Darryl Jones's "Sleeping with the Lights On"

Darryl Jones is Professor of English and Dean of the Faculty of Arts, Humanities, and Social Sciences at Trinity College Dublin, where he teaches nineteenth-century literature and popular fiction. His books include Horror: A Thematic History in Fiction and Film, the Oxford World's Classics editions of M. R. James's Collected Ghost Stories, and Horror Stories: Classic Tales from Hoffmann to Hodgson.

Jones applied the “Page 99 Test” to his latest book, Sleeping with the Lights On: The Unsettling Story of Horror, and reported the following:
What’s happening on page 99? This page is towards the end of a chapter entitled ‘Horror and the Body’, and it’s part of a discussion of the very troubling post-millennial subgenre known as ‘torture porn’, exemplified by films such as Martyrs, The Human Centipede, Hostel, or Funny Games. Throughout the book, I’m concerned with defending horror against the generally ill-informed reactions of those who do not understand it, or who fear it, who think it is a dangerous genre because they believe that a tendency to watch violent acts leads inexorably to a tendency to commit violent acts. ‘The history of horror is also the history of outraged responses to horror’, I suggest. Torture porn, I think, comes closest to realizing the fears of censors and moral majoritarians that horror is simply empty sadism.

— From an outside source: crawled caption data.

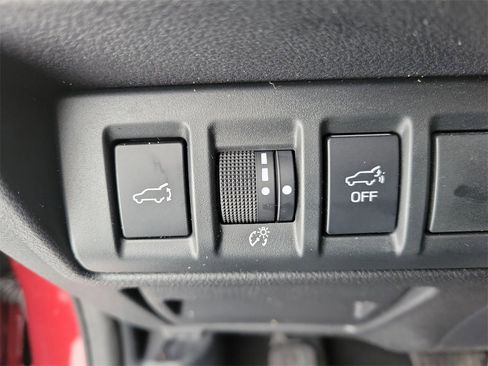 Used 2025 Subaru Outback Touring XT image 22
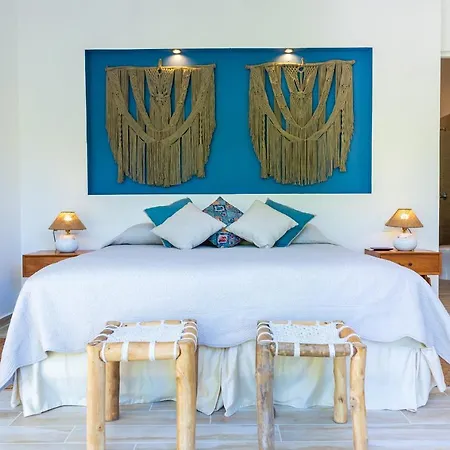 Calma, Chic & Mexican Villa, A True Oasis Pool, Security Holiday home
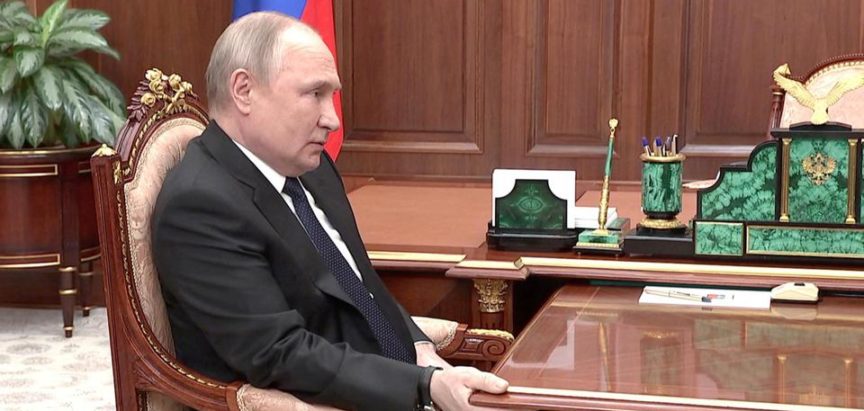 Snimka ruskog predsjednika Putina potaknula nagađanja o njegovom zdravlju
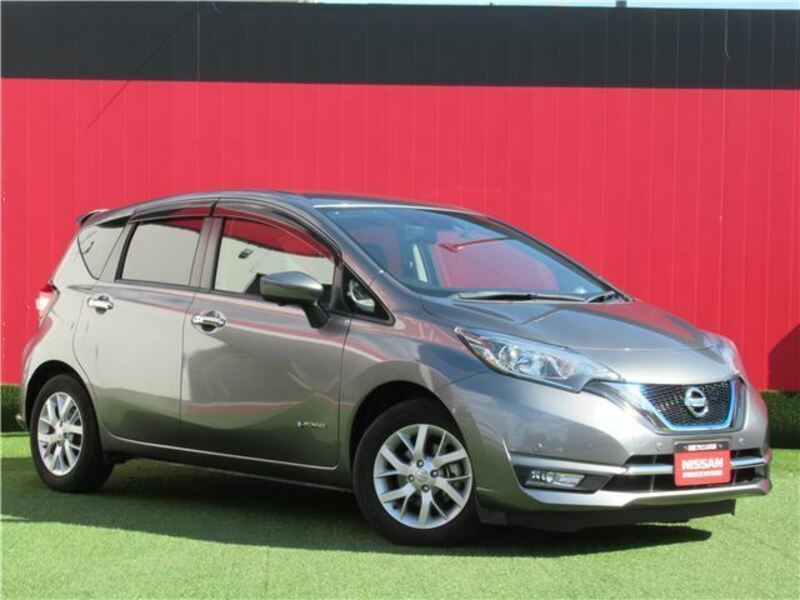 NISSAN　NOTE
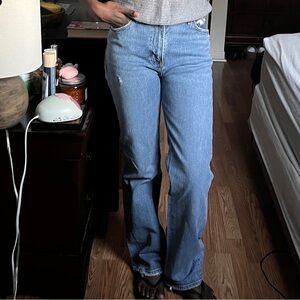 Abercrombie - 90’s Relaxed High Rise Jeans (23R)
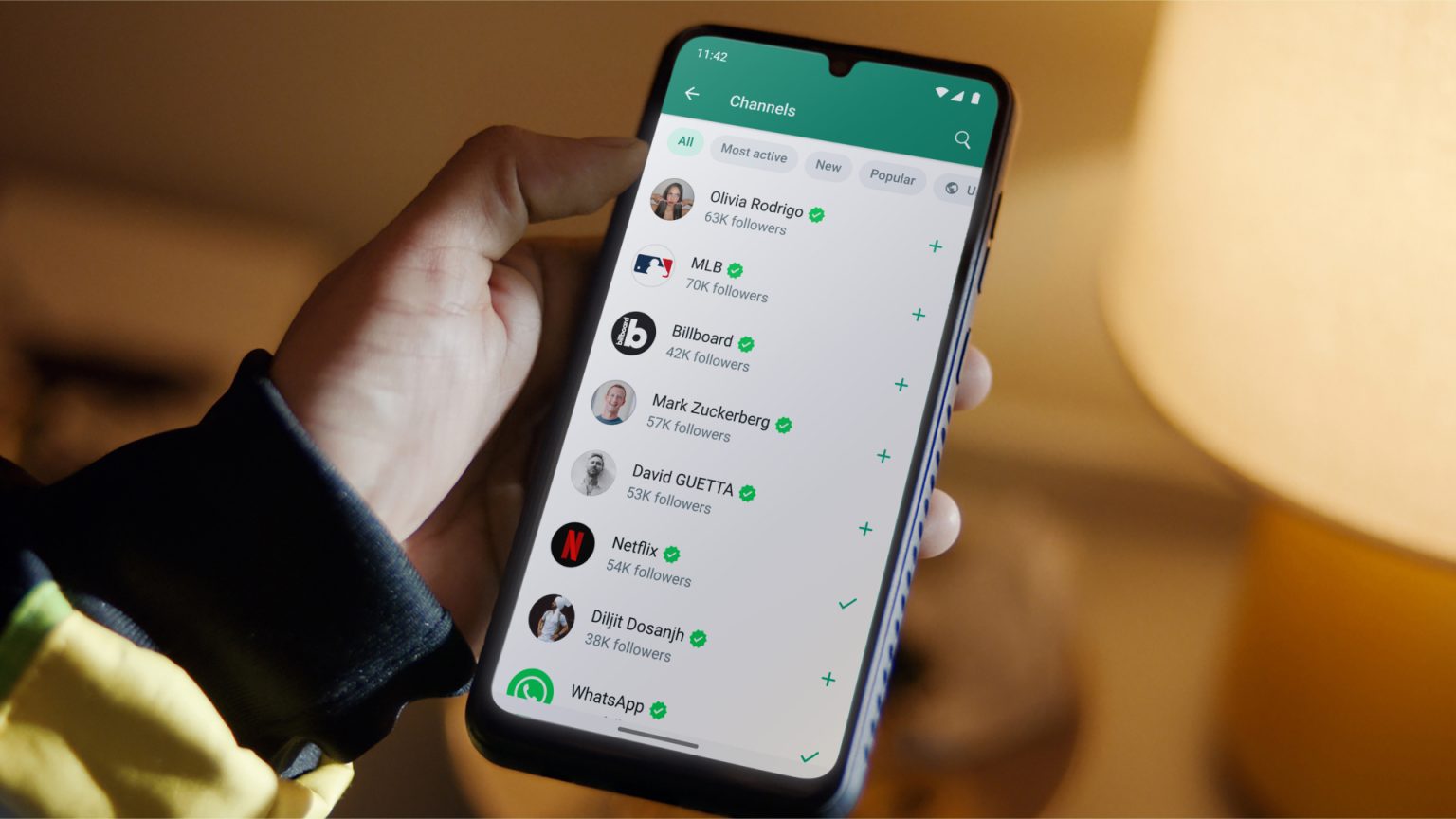 WhatsApp-Status: Verbergen, ansehen und privathalten 2026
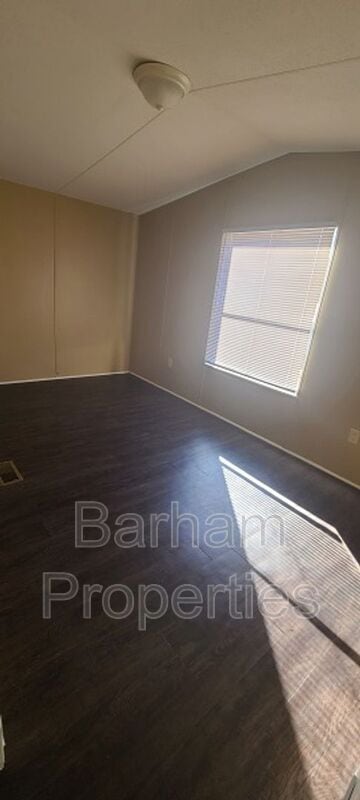 Building Photo - 140 Fox Tail Trl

More specifically, page 99 begins by contextualizing torture porn within the post-9/11 ‘War on Terror’, in a post-millennial culture of the normalization of torture, taking in, for example, photographs of abused prisoners from Abu Ghraib, the continuing extrajudicial use of Guantanamo Bay, media discussions about the ethics and utility of waterboarding, and the popularity of counter-terrorist entertainment thrillers such as 24. I initially thought 24 was a superbly-made series, with a brilliant real-time conceit, and a revelatory central performance by Kiefer Sutherland. But at some point I just stopped watching, as Jack Bauer increasingly relied on torture as a first resort, to be used immediately on whoever got in his way, including members of his own family. This struck me as deranged.

The page closes with a meditation on pain and the human body. Studies by, for example, Bob Brecher or Shane O’Mara have demonstrated that arguments for torture are philosophically empty, and that torture has no efficacy as a means of information gathering. But that’s not the point. The point is to demonstrate that the torturer has no moral limits, and thus to spread fear. The page closes with these words, which sum things up for me:
Our pain is inexpressible. Having no straightforward linguistic object, it lies beyond the limits of language, articulable only through imprecise similes (it is like burning, it is like torture, it is like death, it is worse than death), or else non-verbally (we scream, we howl, we cry). In our pain, we are uniquely alone and vulnerable. To exploit this vulnerability, knowingly to inflict extreme pain on others, is to place oneself beyond the boundaries of humanity.